Summary of Recent Panel Meetings

08-01-2016

The separate and combined meetings of the CIPFA/ADASS Social Care & Welfare Reform and Health panels on 18 December revolved largely around three forward looks: at the likely consequences of the spending and settlement announcements made in late November and just before Christmas; at the health and social care products to be launched in 2016; and at the plans for further development of CIPFA’s new Health & Integration Faculty

Social Care & Welfare Reform Panel members noted CIPFA’s settlement responses to date, agreeing that the settlement went only part of the way towards dealing with the pressures, and emphasised:

- The claimed certainty of a four year settlement is of limited value when council tax and business rate proceeds are very uncertain. 

- Concern about the distributional effects of the settlement - eg might northern mets losing spending power disproportionately, even after the mitigation afforded by BCG growth allocations?

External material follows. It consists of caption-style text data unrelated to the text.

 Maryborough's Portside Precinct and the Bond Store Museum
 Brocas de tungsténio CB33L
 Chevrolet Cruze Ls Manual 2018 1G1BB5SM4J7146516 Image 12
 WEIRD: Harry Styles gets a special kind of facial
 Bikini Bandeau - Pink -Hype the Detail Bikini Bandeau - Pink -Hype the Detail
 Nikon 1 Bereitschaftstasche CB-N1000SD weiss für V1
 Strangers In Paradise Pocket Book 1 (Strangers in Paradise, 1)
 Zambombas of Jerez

The potential transfer of Attendance Allowance to local government has some logic but also high risk.

- The 2% social care exemption from council tax referendum requirement was mis-described as additional funding – it is a change in the rules which apply to councils raising funds themselves.

- The Public Health settlement is concerning and needs further consideration, so the panels will  return to that.

The Health Panel also picked up on Public Health in concluding that, although the settlement looks good, and it is a good deal better than might have been the case, it benefits the NHS rather than health as a whole, and even in the NHS some caution is in order:

- NHS England spending rises by £7.6bn in real terms over the settlement period, but other health spending falls by £3m.

- Those £3m reductions (as well as unresolved pressures on social care) will have knock-on effects on the NHS.

- The addition to NHS budgets in 2016/17 will in large part be needed to deal with deficits seen in 2015/16.

- 2016/17 therefore represents something of a pragmatic ‘firebreak year’ to get the NHS’s finances in order, but that leaves minimal scope to respond to new demands to invest up front in preventative measures for the long term.

- Use of capital to revenue flexibilities removes a significant backstop in the form of capital slippage, so putting more emphasis on the need for a prioritised capital strategy and good financial management generally.

- The tariff will be a net inflator, not a deflator as in recent years: good news for providers, but potentially shifting pressure points around the system and adding to the sense in moving towards place-based joint system accountability.

Reports were received on several forthcoming products:

- The pre-Christmas launch of the Social Care Risk Tool

- The New Year roll-out of integration training

- Excellent Finance Business Partner for Health publication planned for March 2016

- Proposals to expand the reach of benchmarking in Adult Social Care for 2016-17 data.

Both Panels approved the forward strategy for the Health & Integration Faculty, which seeks to balance the triple aims of growing CIPFA membership, raising its profile and voice, and growing the revenue contributed via the Faculty’s work. Areas flagged to explore further included:

- Accounting for integration 

- Building Better Care Fund and 2% social care council tax issues into the forthcoming budget survey; and

- Options for post-settlement updating of 2015’s ‘The Health of Health Finances’ publication.